First-year students and seniors generally give very positive evaluations of their educational experience at UGA, according to the results of the latest National Survey of Student Engagement.
Data from the 2011 survey, administered last spring, shows that 93 percent of UGA first-year students and 91 percent of seniors rate their entire educational experience at the university as good or excellent. As in previous surveys, a high percentage of UGA seniors (90 percent in 2011) said they would choose UGA again if they were starting their college career over.
The survey, developed by the Indiana University Center for Postsecondary Research, has been in use nationally since 2000 and provides comparative standards for assessing effective educational practices in higher education.
All eligible first-year students and seniors at UGA were invited to participate in the survey last spring and close to 2,000 chose to do so.

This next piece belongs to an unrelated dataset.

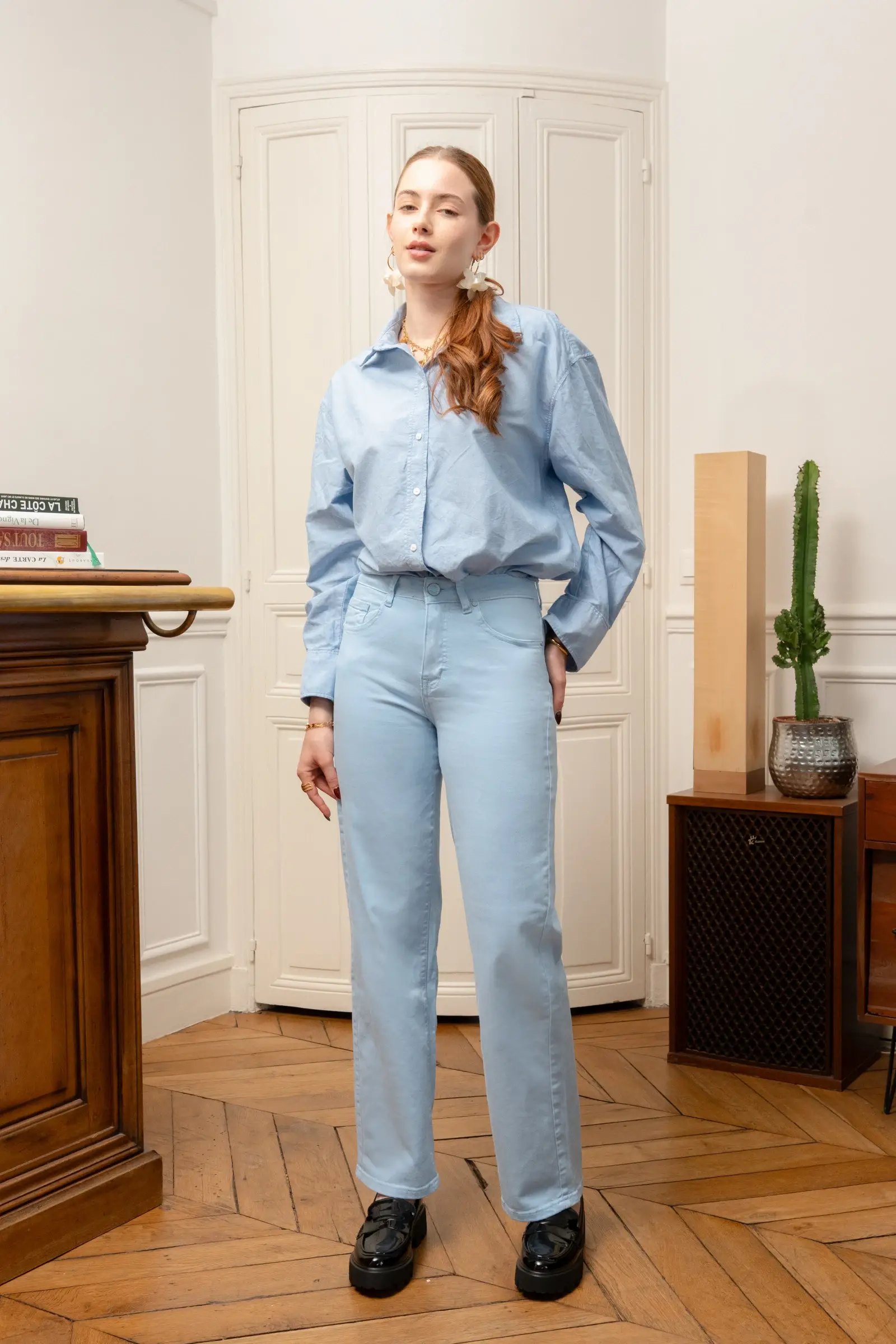 Vivid - Vendita all'ingrosso Jeans - Donna - Jean a gamba larga colore28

The survey has previously been administered at UGA in 2003, 2005, 2007 and 2008, providing a basis to compare this year’s results with earlier findings.
The survey also provides data to measure results against comparable universities.
“This national survey is one means of assessing the current state of student engagement at UGA,” said Laura Jolly, vice president for instruction. “The data provide a rich source of information for improving the undergraduate experience.”
A campus steering committee, co-chaired by Leslie Gordon, associate director of assessment in the Office of Academic Planning, and Denise Gardner, director of the Office of Institutional Research, spent fall semester analyzing the 2011 data and compiling a report for senior administrators.
The committee found that despite UGA’s continued overall good marks, student responses in some areas show room for improvement. For example, while UGA seniors reported more contact with faculty than their counterparts at other institutions, one of the largest single-item differences between UGA and its peers was in the percent of seniors who reported working on research projects with faculty outside of course or program requirements. In addition, fewer first-year students indicated plans to do so.
The steering committee report suggests that these results should be monitored as the First-Year Odyssey seminars are implemented to determine if early engagement between students and tenured/tenure-track faculty has the expected impact on students’ plans and actual participation in research projects. The recent expansion of access to programs with UGA’s Center for Undergraduate Research Opportunities is another initiative that addresses this issue.
“It is gratifying to review data through the years that indicates we are doing many things right to increase the rigor and challenge of undergraduate education,” said Provost Jere Morehead. “It is good to know that past and current initiatives have had a positive impact.”